O episódio de 1955 não foi, contudo, algo novo em sua vida. Ela sempre lutou pela igualdade de direitos. O que aconteceu naquela tarde de 1º de dezembro foi uma inevitabilidade. “O incidente não foi planejado, mas já era esperado por causa de toda a tensão que havia entre negros e brancos na época”, confessou a costureira em uma entrevista dada pouco antes de morrer à revista Aventuras na História.

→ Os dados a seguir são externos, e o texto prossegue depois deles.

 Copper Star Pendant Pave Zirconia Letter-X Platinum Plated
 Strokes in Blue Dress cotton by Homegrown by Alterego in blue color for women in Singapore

Seu pequeno gesto resultou num boicote geral dos negros à empresa de ônibus da cidade. Sob a liderança de um então desconhecido pastor local, Marin Luther King Jr, a população negra de Montgomery ficou 381 dias sem pisar num coletivo. “Nós tínhamos outras opções, como ir a pé ou de carona para o trabalho. Já o sistema de transporte não, pois poucos brancos andavam de ônibus. Sem os negros, os prejuízos foram enormes”, afirmou Rosa. O resultado do protesto foi significativo. Em 21 de dezembro de 1956, a Suprema Corte norte-americana declarou inconstitucionais as leis racistas do Alabama.

Em 1957, devido a constantes ameaças de morte, Rosa mudou-se com seu marido para Detroit, no estado de Michigan. Trinta anos depois, criou o Instituto Rosa & Raymond Parks para o Autodesenvolvimento. Na organização, a viúva (Raymond faleceu em 1977) e uma equipe de voluntários trabalham com mais de seis mil crianças e jovens entre 11 e 17 anos. Como Rosa bem define, “nosso trabalho é fazer com que cada um descubra o que há de melhor em si mesmo”.

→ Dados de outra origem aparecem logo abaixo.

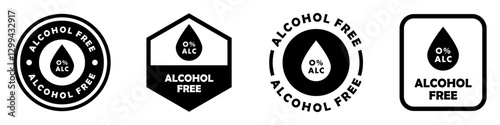 Alcohol Free - vector signs for bottle with drink. Vector isolated on white.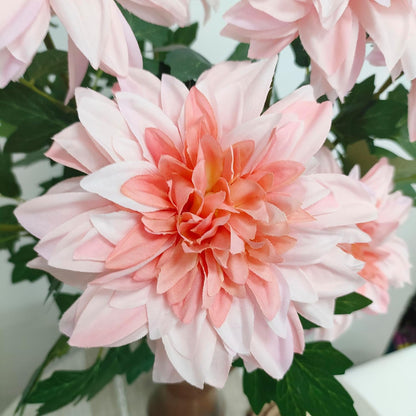 8Pcs Purple Pink Dahlia Artificial Flowers, 25" Fake Silk Dahlia Flower Bouquets for DIY Wedding Centerpieces Arrangements Bridal Shower Party Home Decorations（with Luxuriant Foliage）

Ao refletir sobre os acontecimentos mais marcantes de sua vida e do mundo em geral nos últimos 48 anos, Rosa tem consciência de que ainda há muito a ser feito. “Vivíamos uma segregação racial legalizada e andávamos de cabeça baixa. Os brancos pensavam que eram superiores e não houve um único dia em que eu não tenha me sentido humilhada. Hoje temos os mesmos direitos que eles. Mas ainda há muita desigualdade e injustiça. O caminho é longo.” E, para ela, certamente o caminho foi extenso. O reconhecimento pelo seu esforço, porém, foi tão nobre quanto as ações que realizou em vida. Entre dezenas de prêmios, Rosa recebeu do então presidente Bill Clinton, em 1999, a Medalha Presidencial da Liberdade, a maior condecoração oficial que um civil norte-americano pode almejar.

Na noite do dia 24 de outubro de 2005, aos 92 anos de idade, a pioneira morreu por causas naturais. Seu enterro foi comparável ao de uma autoridade, contando, inclusive, com a presença do presidente George Bush. A vida e a obra humanitária da “mãe do movimento dos direitos civis”, como ficou conhecida, não será jamais esquecida. Ao menos todo dia quatro de fevereiro ela será lembrada no estado de Michigan. Às segundas-feiras, após essa data, é sempre feriado. É o Dia de Rosa Parks.